Is there a communication gap between PM, Sonia over the minister's election?

GN Bureau | March 19, 2010


Commerce and Industry Minister Anand Sharma
Commerce and Industry Minister Anand Sharma

Commerce and Industries Minister Anand Sharma does not know when and from where he would get elected to the Rajya Sabha. And the reason is a bit of communication gap between Prime Minister Manmohan Singh and Congress president Sonia Gandhi, according to party sources.

Sharma's Rajya Sabha term ends on April 2 and he has no chance of getting re-elected from his home state, Himachal Pradesh, as his seat will go to the BJP that is now in majority in the state.

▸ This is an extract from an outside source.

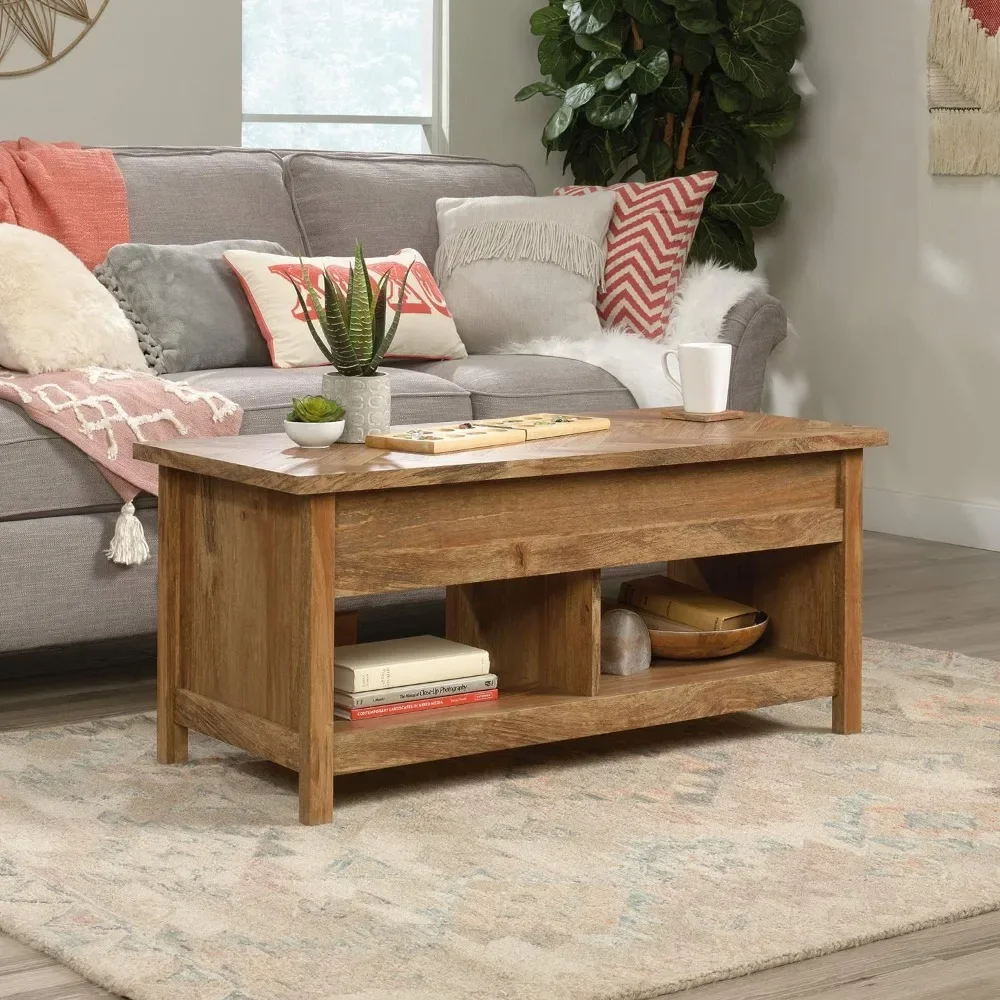 Sindoori Mango Finish Small Table Serving Coffee Cannery Bridge Lift Top Coffee Table L: 43.15“ X W: 19.45”x H: 19.02” Furniture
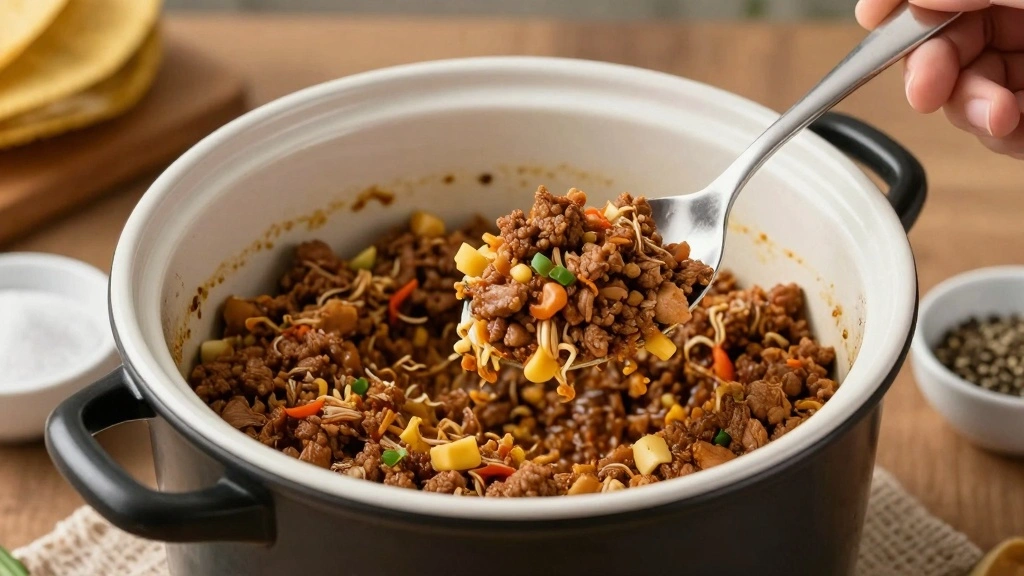 Crockpot Taco Meat That's Juicy, Bold, and Perfect for Meal Prep - Step 6: Adjust Seasoning 1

Apparently, Manmohan Singh has objected to Gandhi's plans to get Sharma re-elected to the upper house from Madhya Pradesh. The prime minister has no grudge against Sharma. The sources said the PM was not even aware of Gandhi's word to the minister when he suggested nomination of Madhya Pradesh Congress chief Suresh Pachauri for one of the three Rajya Sabha seats that the party can win on the strength of its numbers in the state assembly.

The PM is unhappy with the present team of the parliamentary affairs ministry that messed up floor management during the just-concluded first part of the budget session. He wants Pachauri back in the Rajya Sabha to use his experience as parliamentary affairs minister.

Gandhi hates anybody attempting to scuttle any decision she takes and as such she did not like Manmohan Singh's suggestion to look for some other state from where Sharma can be elected, the source said.

Even after his current term ends, Sharma can continue as minister at least for six months, which should be a sufficient period for getting re-elected from any other state holding Rajya Sabha polls.

Sharma is, however, worried.  Madhya Pradesh will have the first elections in the next round in June. If he has to opt for election from any other Congress-ruled state, it could be  Maharashtra or Rajasthan in July or Haryana in August.

Pachauri, an engineer-turned-politician from Bhopal, finds himself a misfit in state politics after spending over two decades in Delhi as a Rajya Sabha member. He is therefore lobbying to get the Rajya Sabha seat and then excuse himself from running the party in Madhya Pradesh as PCC president.